To submit a job you need to create a batch script, like:
#!/bin/bash
#SBATCH --gres=gpu:1
#SBATCH --mem=16000
#SBATCH --job-name="ccm_project"
#SBATCH --time=12:00:00
#SBATCH --mail-type=END
#SBATCH --mail-user=$email_id$
#SBATCH --output=slurm_%j.out
module purge
module load python3/intel/3.7.3
module load cuda/10.0.130
# Replace with your NetID
NETID=###
# activate virtual environment
source /home/user_id/mlenv/bin/activate
export PYTHONPATH=/scratch/user)id/RL/Project/Updated/:$PYTHONPATH
cd /directory of the file you want to run
python3 ./game.py
Make sure you change based on your requirements, such as load all modules you need and if you want to run inside a virtual environment then activate virtual environment. cd
into the directory and the run the program. PYTHONPATH
is neceesary if you are runnign a modularized code otherwise it will not to be able to import
code from other files.
Now instead of loading and activating files manually you can also use the run_env.sh
script, you created above.
#!/bin/bash
#SBATCH --gres=gpu:1
#SBATCH --mem=16000
#SBATCH --job-name="ccm_project"
#SBATCH --time=12:00:00
#SBATCH --mail-type=END
#SBATCH --mail-user=$email_id$
#SBATCH --output=slurm_%j.out
# Replace with your NetID
NETID=###
# activate virtual environment
source /home/user_id/run_env.sh
export PYTHONPATH=/scratch/user)id/RL/Project/Updated/:$PYTHONPATH
cd /directory of the file you want to run
python3 ./game.py
Running A job
sbatch $job-script$
To see already running jobs:
squeue -u $user_id$
To cancel jobs:
scancel $job_id$
Output of the file (such as logs and standard output and erro) will be created in the directory from where you subimitted the job
First login and start tunnel
scp source destination
Either source or destination can be on another (remote) host, by prefixing the path with "hostname:"
From local → remote
scp local_file prince:/scratch/net_id/
From remote → local
scp prince:/scratch/net_id/ local_file
Download link mentioned on NYU cluster is not working so I have attached the correct version in this repository.
After installing:
Step 1: Start Fugu.

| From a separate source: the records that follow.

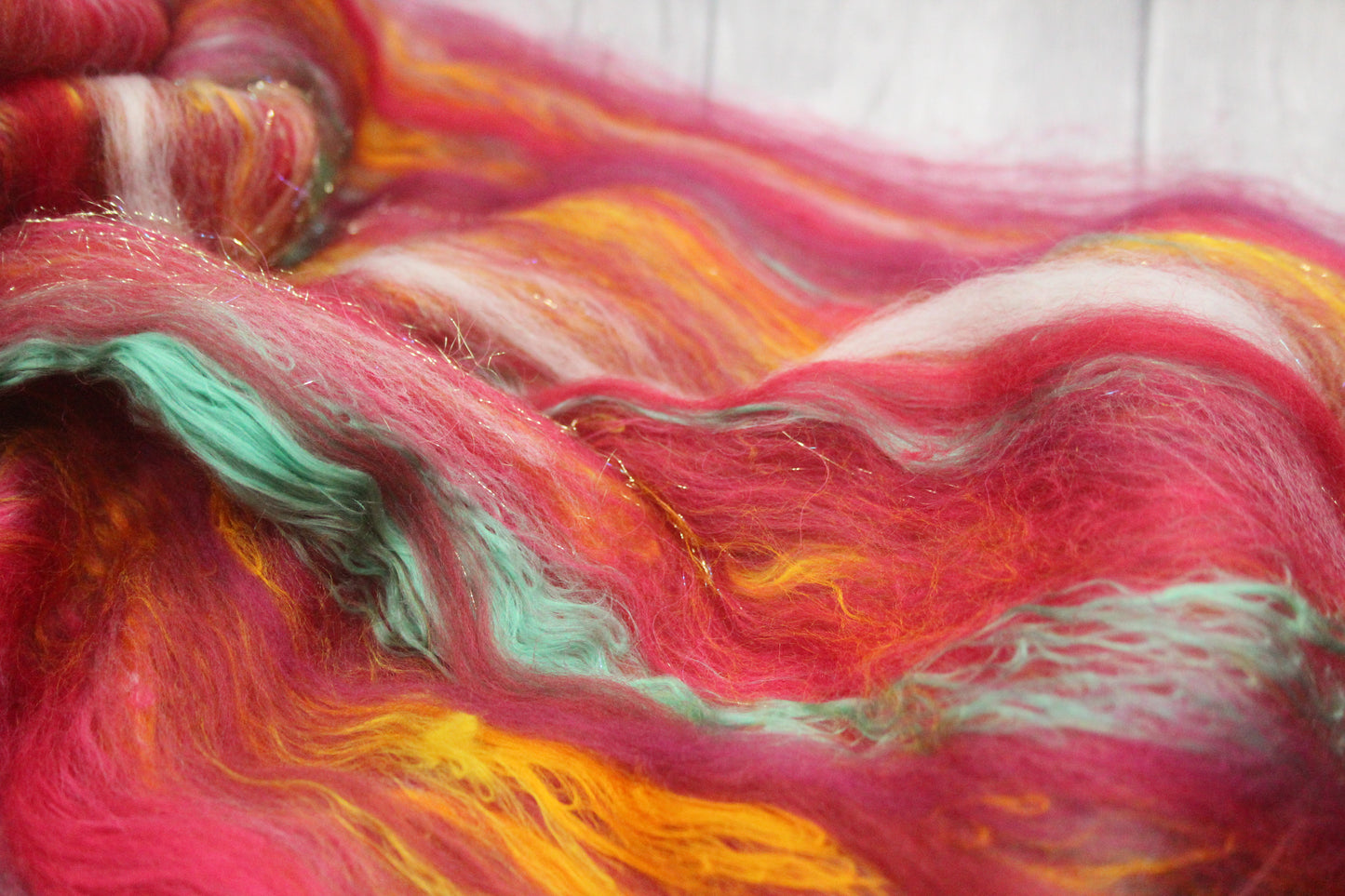 Merino Art Batt  - Red - 35 grams 1.2 oz - Wool for felting, spinning and weaving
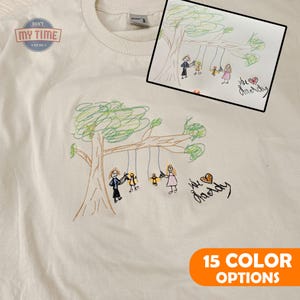 Personalized Custom Kids Drawing Shirt, Hand Drawn Art Sweatshirt, Custom Sketch Portrait Tee, Unique Gift for Mom Dad Aunt Sister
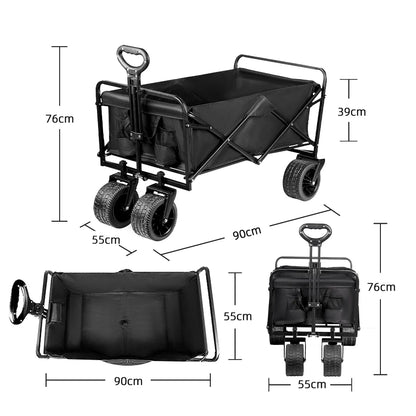 Big Tank Wheels Beach Wagon for Sand 500lbs Large Capacity Foldable Cart Garden Outdoor Picnic Collapse Shopping Trolleys Cart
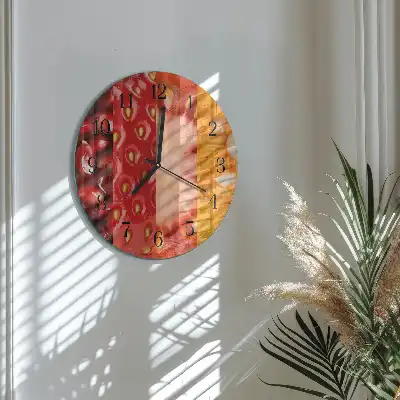 Nástěnné hodiny skleněné kulaté Ovoce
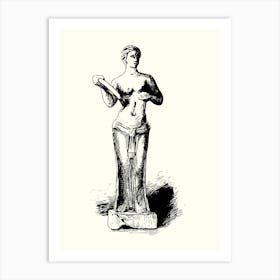 Aphrodite Monoline Hand Drawing Aesthetic Illustration Art Print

Select SSH &rarr new SSH tunnel
- Create tunnel to: prince (or dumbo)
- Service or port: 22
- Local port: 8026 (8025 to dumbo)
- Tunnel host: gw.hpc.nyu.edu
- Username:
Step 2: In SFTP window
- Connect to: localhost
- Username:
- Port: 8026 (or 8025)
Step 3:
- Click connect and enter password.
- Drag and drop files to copy/paste to and from cluster.